• **Task to carry out**
Repeat the lines from the one containing "For more information, visit" through the last line of the data, exactly, pictures omitted.

(Beginning of Recorded data)

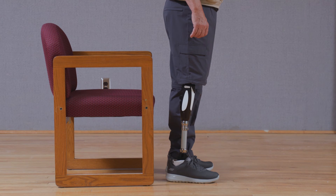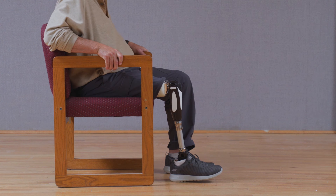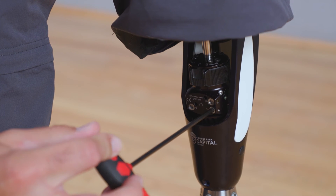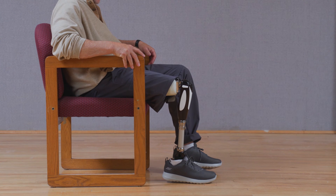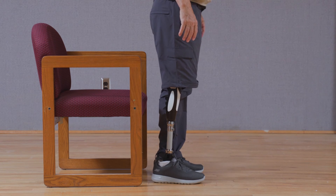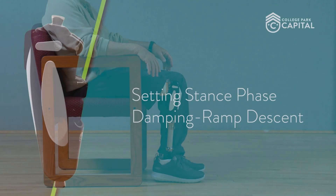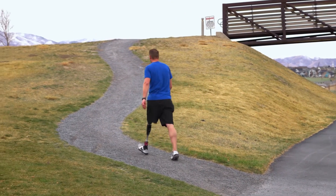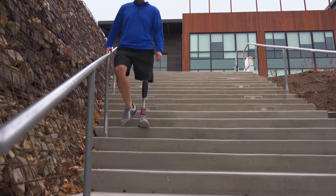To set the optimal stance phase damping for the unilateral user, have them stand in front of a chair and sit down using both the sound side limb and the prosthetic side limb. If the stance resistance is set too high, the knee will resist the user too much when attempting to sit. If the resistance is set too low, the user may drop into the chair in an unsafe manner. When optimized, the knee should provide appropriate resistance to allow for a safe and controlled movement from stand to sit. After stand-to-sit function is evaluated, the user should evaluate resistance during ramp descent and stair descent, ensuring it is not too fast or slow but optimized for the user's needs.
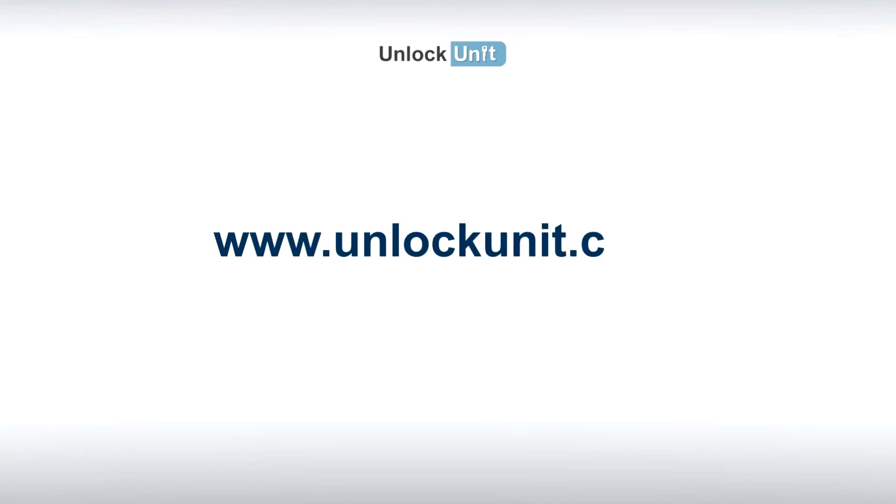For more information, visit UnlockUnit.com and check the frequently asked questions or just contact us. Thank you.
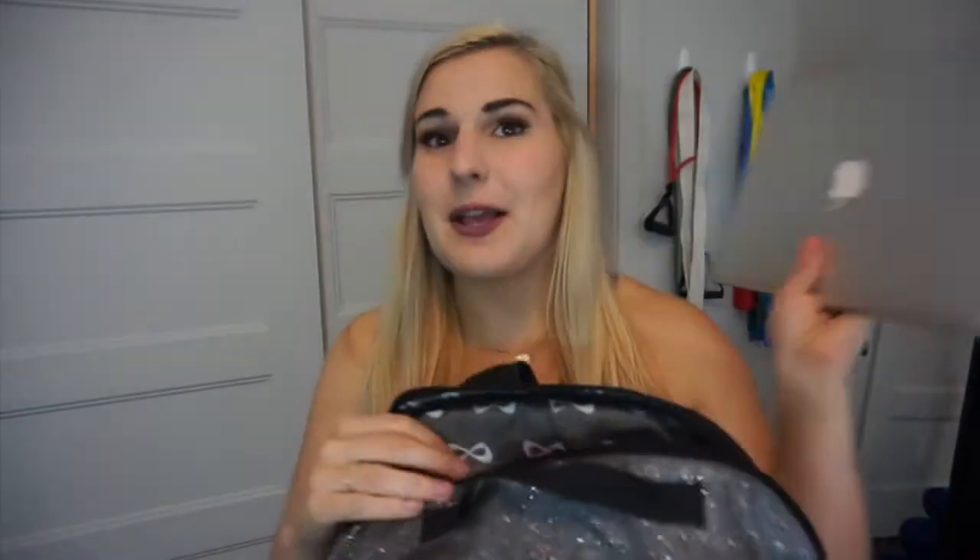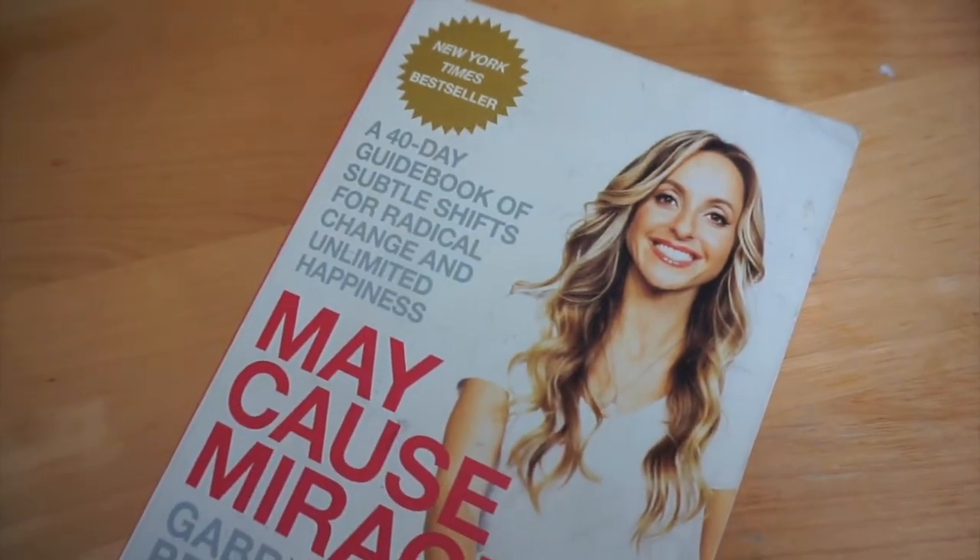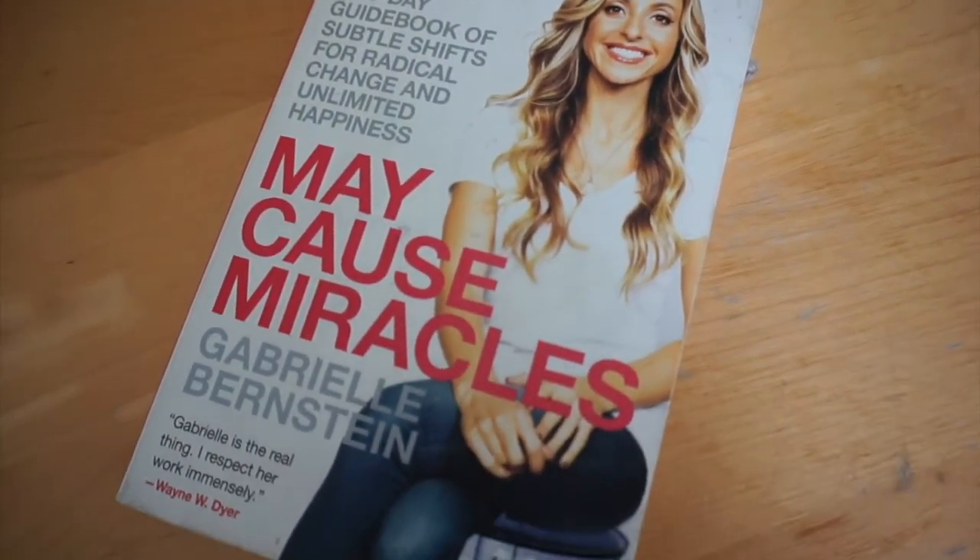Starting with the big pocket on the back of the bag, it has some work stuff. There's my laptop, my notebook that I use to write and plan all my videos, and also a book — "May Cause Miracles" by Gabrielle Bernstein. It's a 40-day transformation book. I've gone through it before, but on rough days it's great to read every once in a while to connect with my spirituality.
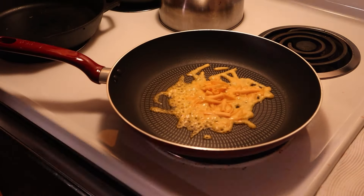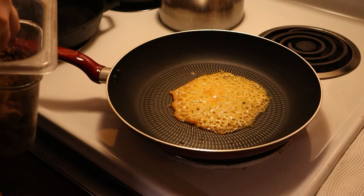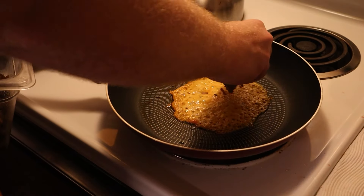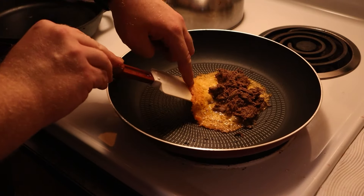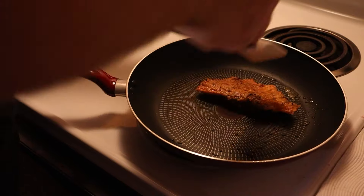Simply add about two ounces of sharp cheddar to a nonstick surface set to medium heat. You may have to coax it into a perfect circle. Place a small handful of your meat on half the cheese and then fold it over. Let it cook with the meat inside for maybe two minutes total, ensuring to flip it once.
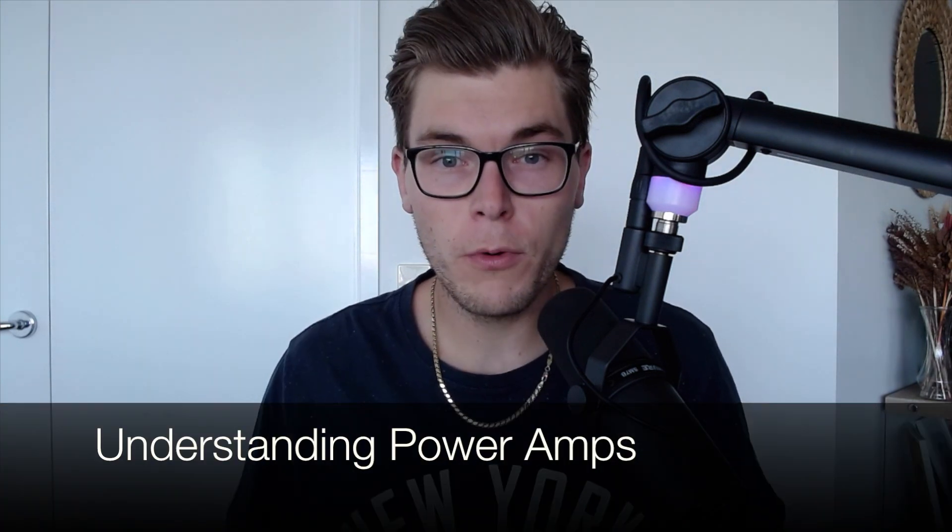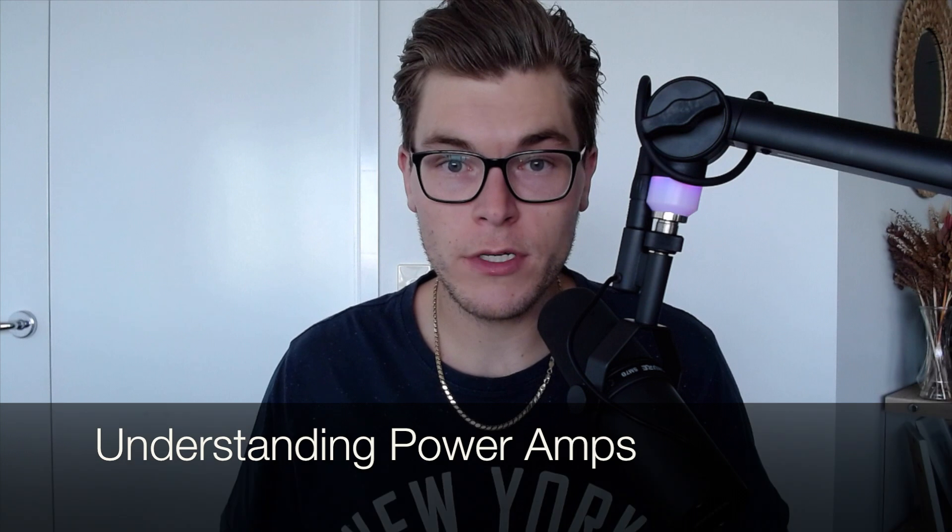Now it goes without saying that regardless of what type of speaker you're using, it's going to require power in one form or another. Now this is where it's important to know what a power amp does and how it functions. To put it simply, a power amp is required to make any speaker work. And the only main difference between an active and a passive speaker is the location of this power amp.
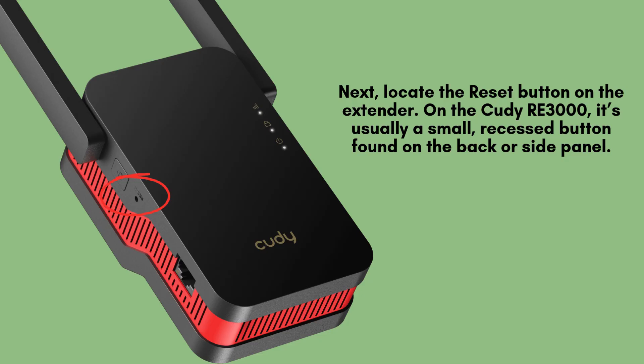Next, find the reset button on your QDRE 3000 extender. It's usually a small, recessed button located on the side or back of the device. You may need a paper clip or pin to press it due to its recessed design.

(End of Recorded data)

• **Result for this task**
For more information, visit UnlockUnit.com and check the frequently asked questions or just contact us. Thank you.
Starting with the big pocket on the back of the bag, it has some work stuff. There's my laptop, my notebook that I use to write and plan all my videos, and also a book — "May Cause Miracles" by Gabrielle Bernstein. It's a 40-day transformation book. I've gone through it before, but on rough days it's great to read every once in a while to connect with my spirituality.
Simply add about two ounces of sharp cheddar to a nonstick surface set to medium heat. You may have to coax it into a perfect circle. Place a small handful of your meat on half the cheese and then fold it over. Let it cook with the meat inside for maybe two minutes total, ensuring to flip it once.
Now it goes without saying that regardless of what type of speaker you're using, it's going to require power in one form or another. Now this is where it's important to know what a power amp does and how it functions. To put it simply, a power amp is required to make any speaker work. And the only main difference between an active and a passive speaker is the location of this power amp.
Next, find the reset button on your QDRE 3000 extender. It's usually a small, recessed button located on the side or back of the device. You may need a paper clip or pin to press it due to its recessed design.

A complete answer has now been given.